- [Work request]
Beginning with the line that holds "Sparrow Counseling logo", copy each line through the end of the material below, exactly and with no pictures.

--- Records for this task ---

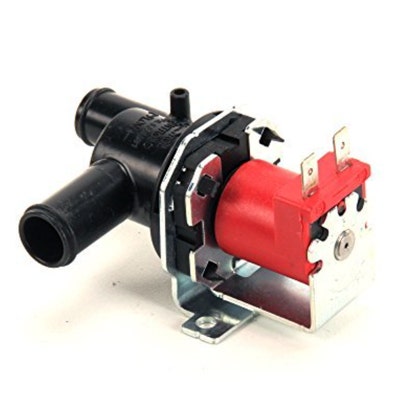 Ice-O-Matic 9041105-03 Solenoid Valve, Purge, 240V, 90 Deg, Fits C105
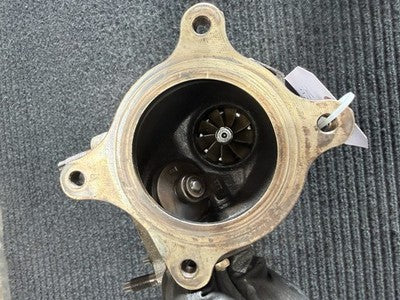 2014-2021 Subaru Forester Xt Wrx 2.0L Turbocharger OEM 14411AA880 MGT2259S - eBay image 8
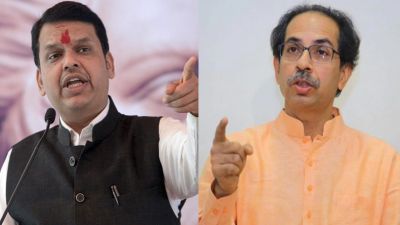 BJP's big plan in Maharashtra, just two more days of wait for Shiv Sena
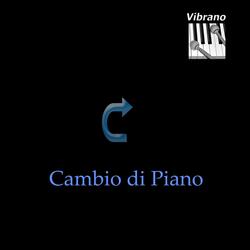 Cambio Di Piano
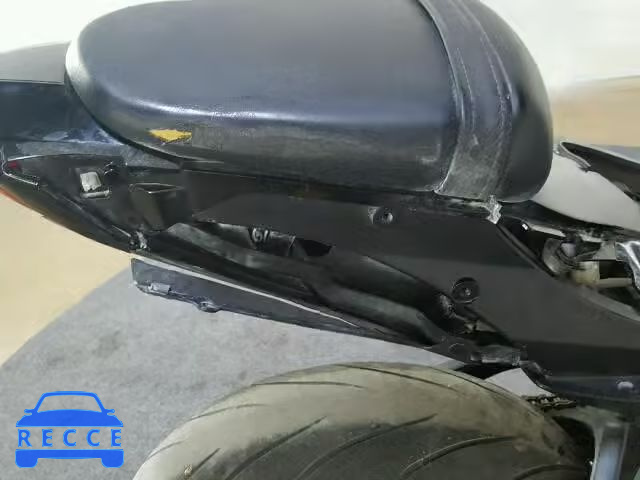 2008 SUZUKI GSX-R750 JS1GR7LAX82101672 image 18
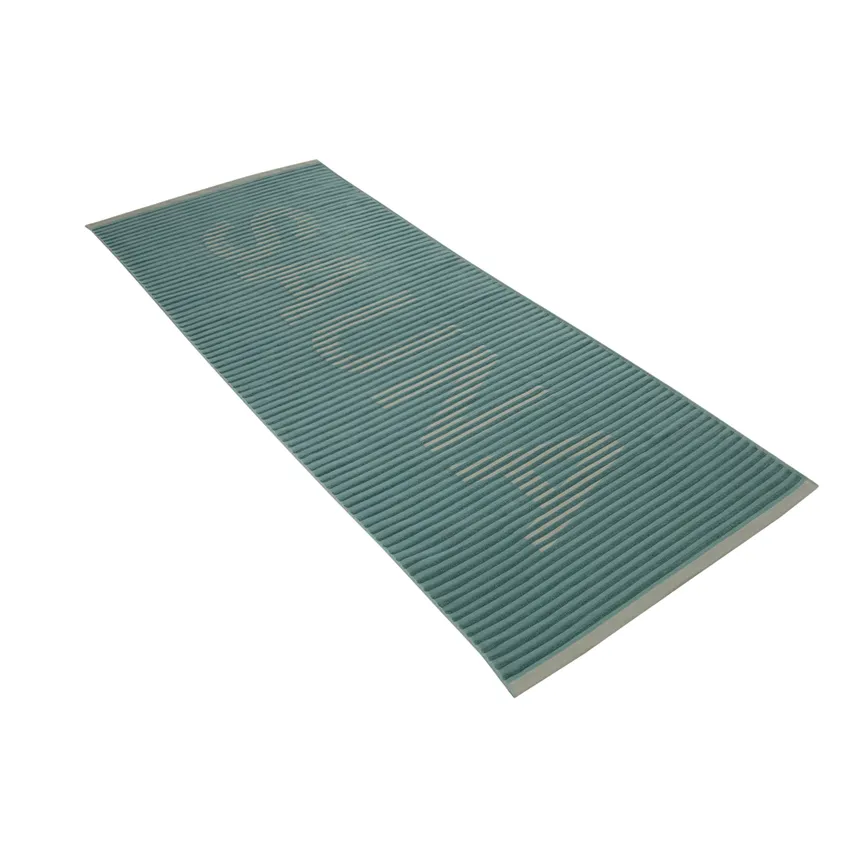 Saunatuch Camden hauptaufnahme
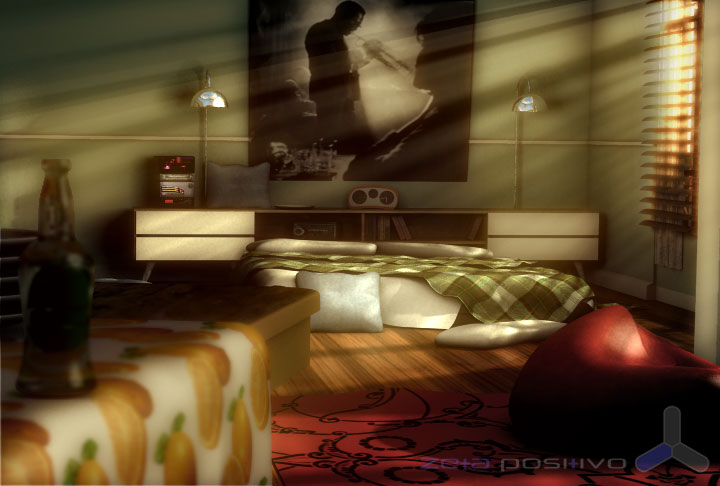 Habitacion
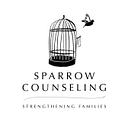 Sparrow Counseling logo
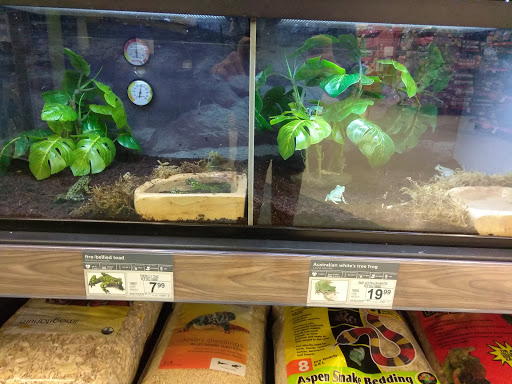 Pet Supply Store «Petco Animal Supplies», reviews and photos, 7040 Valley Creek Plaza, Woodbury, MN 55125, USA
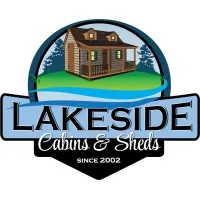 Lakeside Cabins & Sheds Lakeside Cabins & Sheds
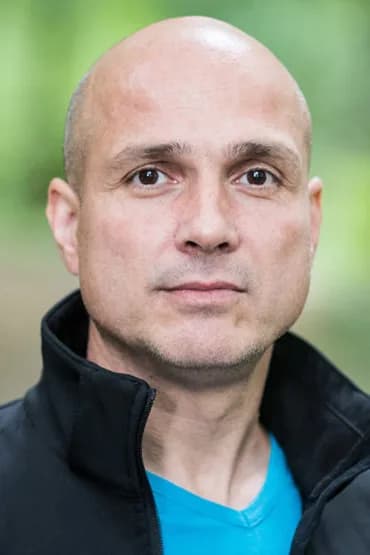 Photo de Dušan Cinkota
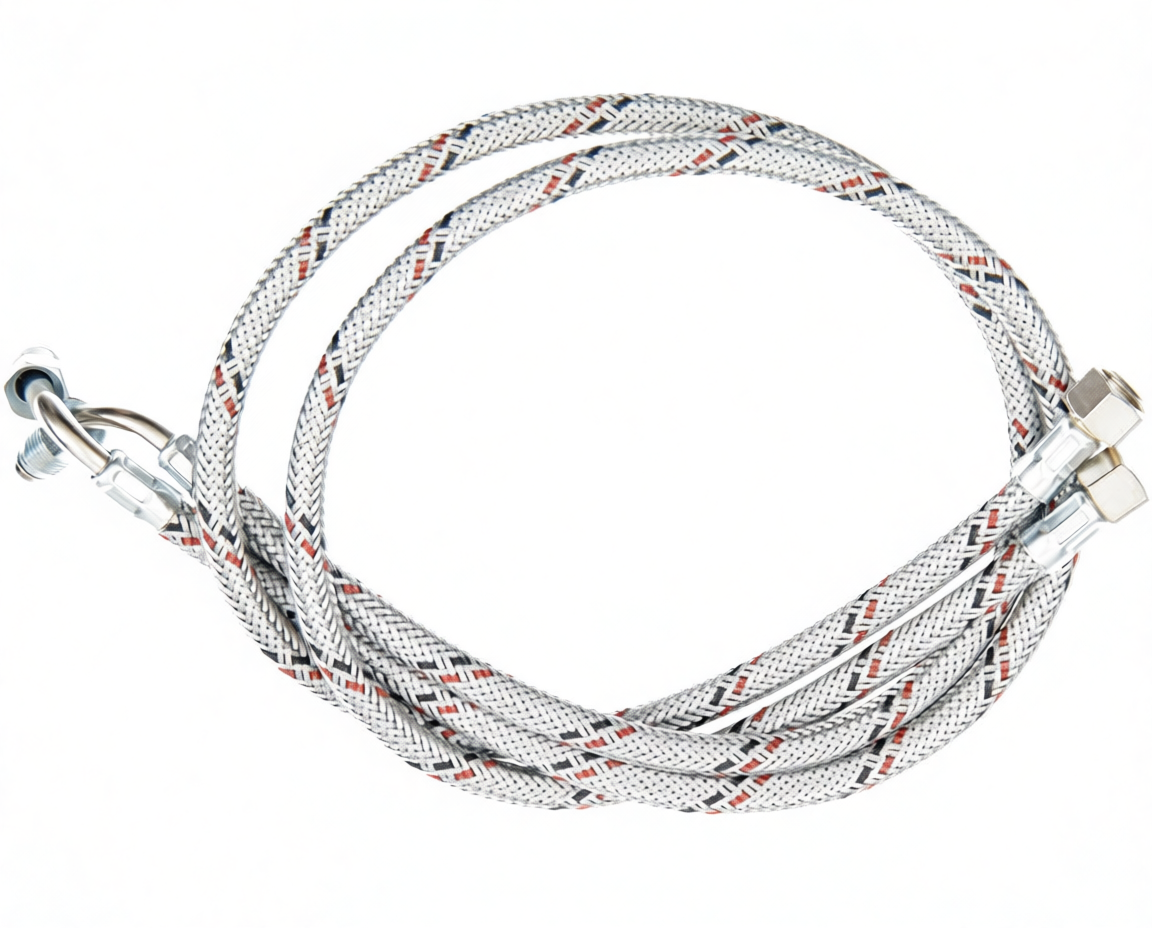 LATIGUILLO GASOIL H3/8"xM1/4" 90º 900mm - 082.06.1125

---

- [Response area]
 Sparrow Counseling logo
 Pet Supply Store «Petco Animal Supplies», reviews and photos, 7040 Valley Creek Plaza, Woodbury, MN 55125, USA
 Lakeside Cabins & Sheds Lakeside Cabins & Sheds
 Photo de Dušan Cinkota
 LATIGUILLO GASOIL H3/8"xM1/4" 90º 900mm - 082.06.1125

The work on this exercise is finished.